Bild: Stefan Berthold, Uli Baumann und Frank Barufke sind drei der sechs Verant…
BREMEN taz | So ein Leuchtturm muss leuchten, keine Frage. Im Kapitalismus
kostet das allerdings selbst dann noch Geld, wenn der Leuchtturm eine
Metapher ist. In unserem Fall ist er, der Leuchtturm, eine abgewetzte
Lagerhalle im alten Güterbahnhof, seinerseits bekanntlich im Rahmen der
Kulturhauptstadtbewerbung – noch so eine Metapher – als Brutstätte
ausgemacht. Seither gedeiht dort das kulturelle Leben meist fröhlich vor
sich hin. Allerdings funktioniert das vor allem dank individueller
Initiative. So auch im Falle Schaulust. Und weil das so gut funktioniert,
wurde die Schaulust neben Kreativen wie Urban Screen, dem Golden City oder
dem Verein Musikszene Bremen eben zu einem der Leuchtturmprojekte erkoren,
die im vorigen Jahr mit Geldern der Kreativwirtschaftsförderung bedacht
wurden.
Am 28. Mai 2011 hatte die Schaulust im ehemaligen „Tor 48“ auf dem Areal
hinter dem Überseemuseum als „Produktions- und Wirkstätte für Theater,
Musik, Tanz, Zirkus, Show und Performance“ eröffnet. Ein Ort für die freie
Szene, um, wenn’s nottut, rund um die Uhr an Inszenierungen feilen oder
eigene Produktionen zeigen zu können. Seither haben hier immerhin 500
Akteure gearbeitet und vorgeführt, rund 10.000 Besucherinnen und Besucher
kamen zu den öffentlichen Veranstaltungen, wie Uli Baumann, eine der sechs
Schaulust-Verantwortlichen berichtet.
Baumann, die als Komikerin, Sängerin und Moderatorin ihren Lebensunterhalt
verdient, betont, dass das Programm nicht von der Schaulust gemacht wird,
sondern von den Nutzerinnen und Nutzern: „Veranstalter sind im Prinzip die,
die auch auf der Bühne stehen, wir halten nur den Laden am Laufen. So
ergibt sich eine Bandbreite, die wir gar nicht bieten könnten, weil wir die
Leute vorher zum Teil gar nicht kennen, die hier auftreten.“ Und das
Programm kann sich sehen lassen. Erst kürzlich gastierte hier ein
mexikanisches Polit-Theater, regelmäßig lädt eine bunte Truppe zu
anarchischen Varieté-Abenden ein, vor zwei Jahren präsentierte das
Figurentheater „Mensch, Puppe!“ in Zusammenarbeit mit Musikern der Bremer
Philharmoniker das „Große Lalula“, Anfang Mai fand ein internationales
Salsa-Festival statt.
So ganz ohne das Zutun der Verantwortlichen kommt das Programm dann
allerdings doch nicht zustande. Uli Baumann veranstaltet dort
beispielsweise mit Jan Fritsch den „Salon Puschel“, ein buntgemischter Zug
durch die vorwiegend bremische Kreativlandschaft, zwischen Heavy Metal und
Haydn, zwischen Clownerie und Lyriklesung, zusammengehalten durch das
schrille Moderatoren-Duo „Charles & Erika“ alias Baumann und Fritsch. Neben
den öffentlichen Veranstaltungen ist die Vermietung an freie Truppen, nicht
zuletzt aus der Straßentheaterszene, für Proben ein wichtiges Standbein der
Schaulust.
Das Konzept geht also auf. Und dann kam, wir deuteten es an, sogar Geld von
der Stadt: 100.000 Euro. Damit lässt sich schon eine ganze Menge anstellen.

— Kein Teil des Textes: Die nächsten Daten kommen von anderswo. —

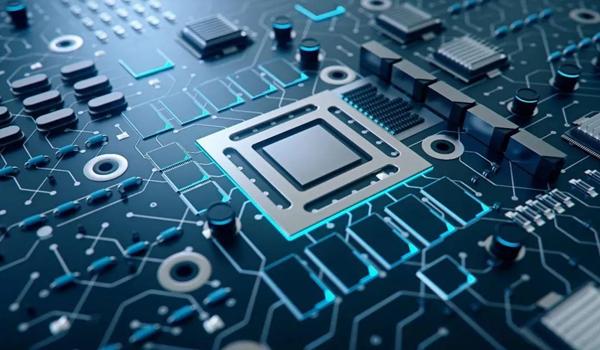 收購賽靈思 FPGA、英飛凌 SAK 系列、意法半導(dǎo)體 微控制器 MCU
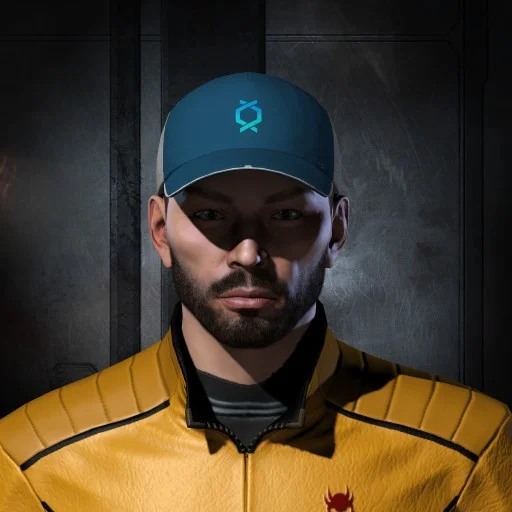 Od'Ari Tissant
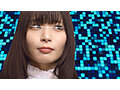 サンプル画像13 - 恋人ガチャ2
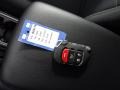 2023 Hydro Blue Pearl Jeep Gladiator Sport 4x4  photo #31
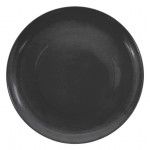 Prato Fundo Coupe 29cm Sat Angry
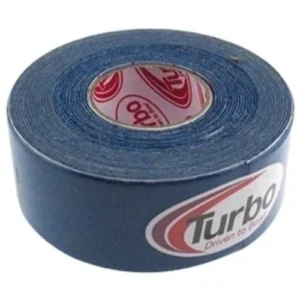 Turbo Skin Protection Fitting 1" Tape Blue - Roll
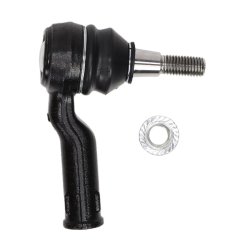 Tie Rod End MASTER-SPORT 39550-PCS-MS OE Ref FPLA3C437AA MASTER SPORT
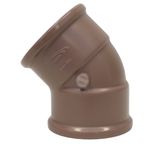 Joelho-45-Soldavel-PVC-75mm-Amanco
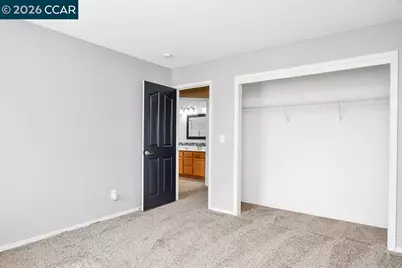 361 Clove Way, Oakley, CA 94561 - Photo 16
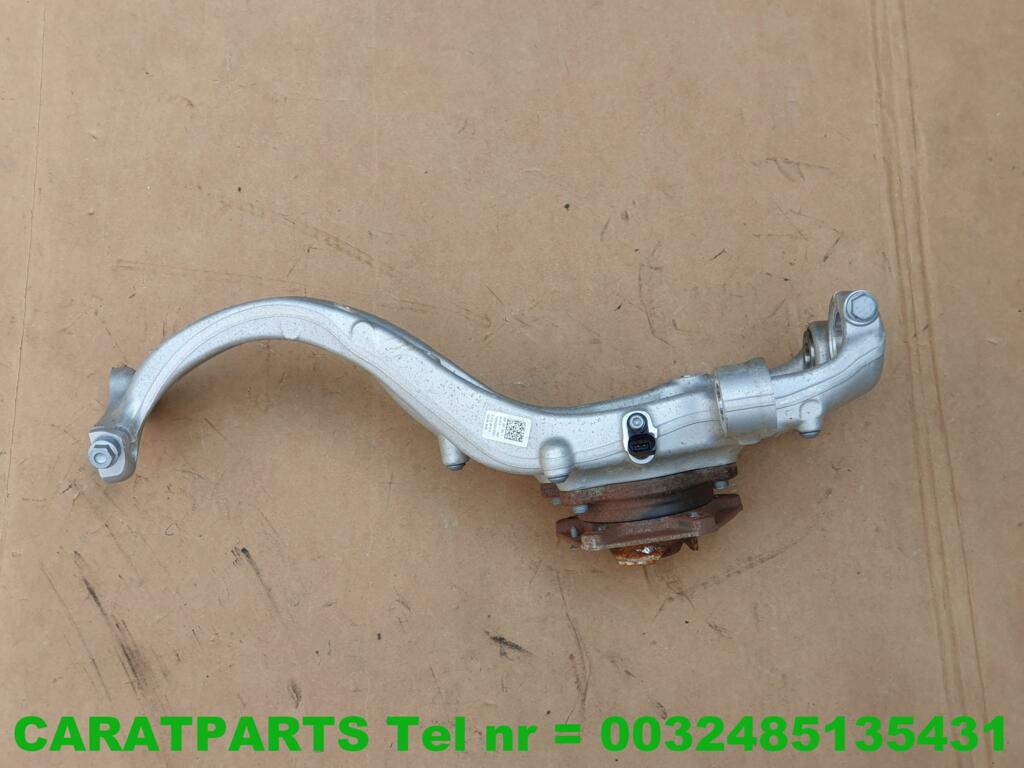 Koop Fusee en toebehoren bij Caratparts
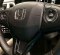 Jual Honda HR-V 2015 termurah-4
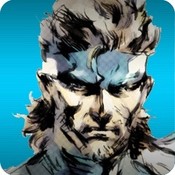 Snake953's profile picture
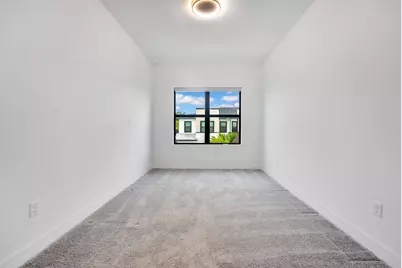 8358 NW 7th Place, Plantation, FL 33324 - Photo 13
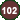 lotid:37 (470,143)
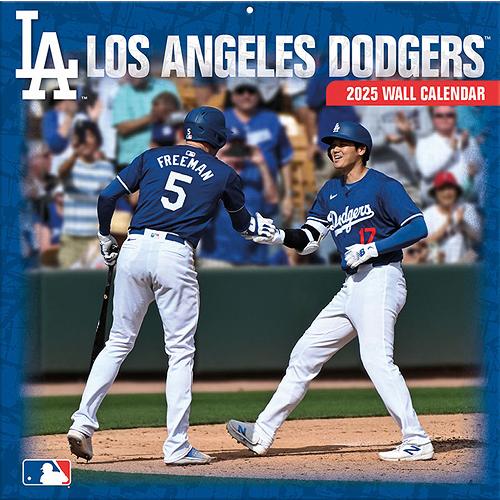 2025年最新】Yahoo!オークション -ロサンゼルス ドジャース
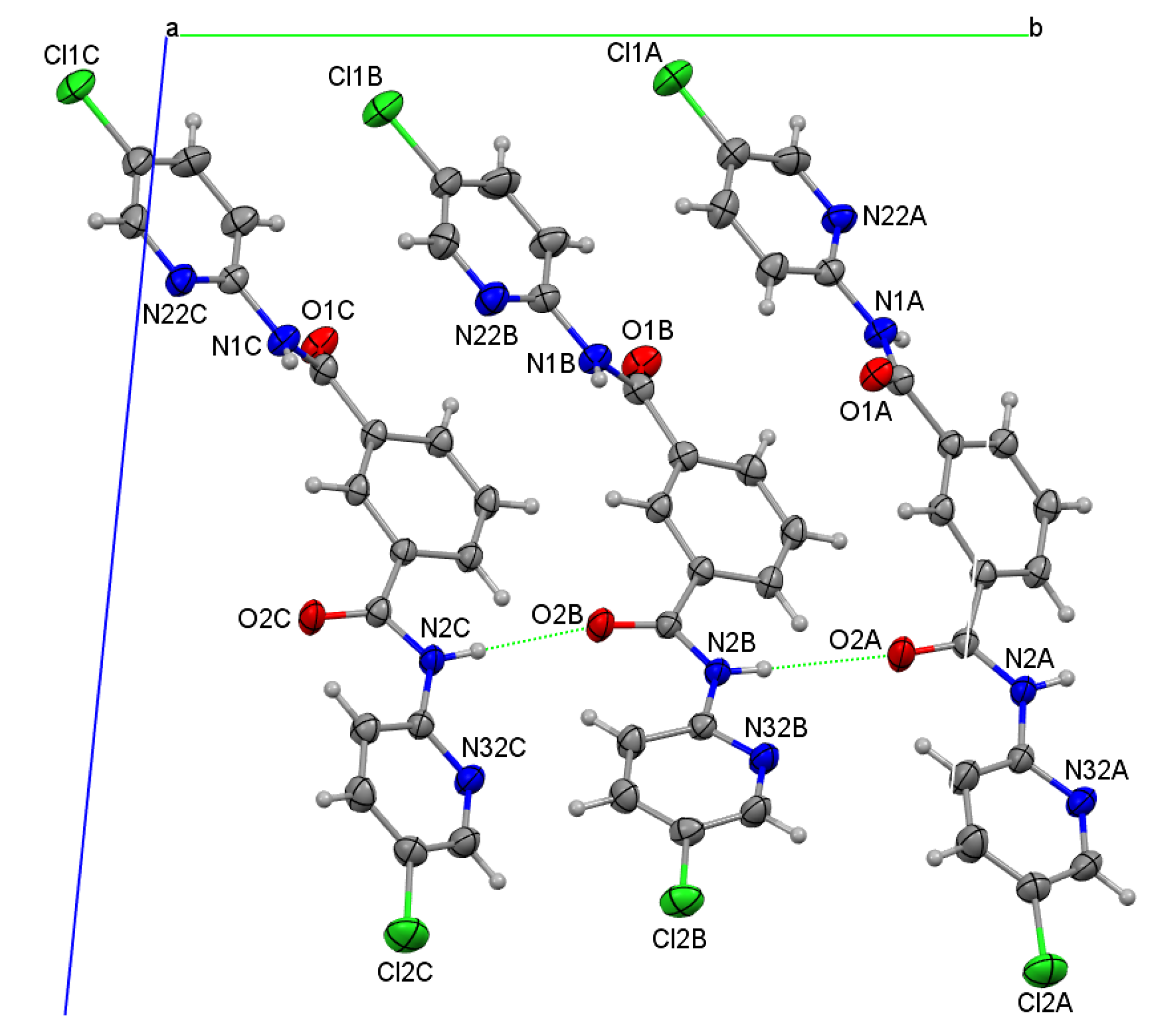 Symmetry 15 00738 g003a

„Vier Monate haben wir wie die Idioten gerockt“, erinnert sich Baumann.
Allerdings nicht in Form einer wochenlangen Party – sondern bei
umfangreichen Sanierungsarbeiten. Die Hallen des Güterbahnhofs haben
schließlich allesamt schon bessere Zeiten gesehen – zumindest bautechnisch.
Seither verfügt die Schaulust über neue Fenster, eine solide Isolation, ein
funktionierendes Rohrsystem und kann nun auch im Winter ordentlich beheizt
werden. Das Geld für den laufenden Betrieb kommt nach wie vor aus den
Vermietungen an Theatertruppen, Veranstalter und Firmen und Privatpersonen,
die den Raum für Partys nutzen. Alles prima also? Nicht ganz.
Die Kreativwirtschaftsförderung erfuhr vorerst keine Fortsetzung, an eine
institutionelle Förderung ist derzeit nicht zu denken – und die
Mieteinnahmen reichen eben nie so ganz aus, um Miete und Nebenkosten zu
bezahlen. Im schlimmsten Fall hängen die Schaulust-Macher mit ihrem
privaten Geld drin. Und die stecken schon jede Menge ehrenamtliche Arbeit
in die Schaulust. „Es wäre schön, eine einigermaßen sichere Basis zu
haben“, sagt Baumann.
Die soll jetzt eine Crowdfunding-Kampagne bringen: „1000 x 2“ heißt die
Devise, nämlich tausendmal zwei Euro im Monat. Mit dieser Mini-Spende
könnten die laufenden Kosten gedeckt werden. Im Gegenzug gibt es nicht nur
das gute Gefühl, etwas für die Kultur getan zu haben, sondern auch einen
Platz auf der Spendierwand im Foyer der Schaulust, wahlweise mit Konterfei,
dem Logo des eigenen Unternehmens oder auch anonym. Und wer mehr als einen
Anteil zeichnet, bekommt auch mehr Platz an der Wand.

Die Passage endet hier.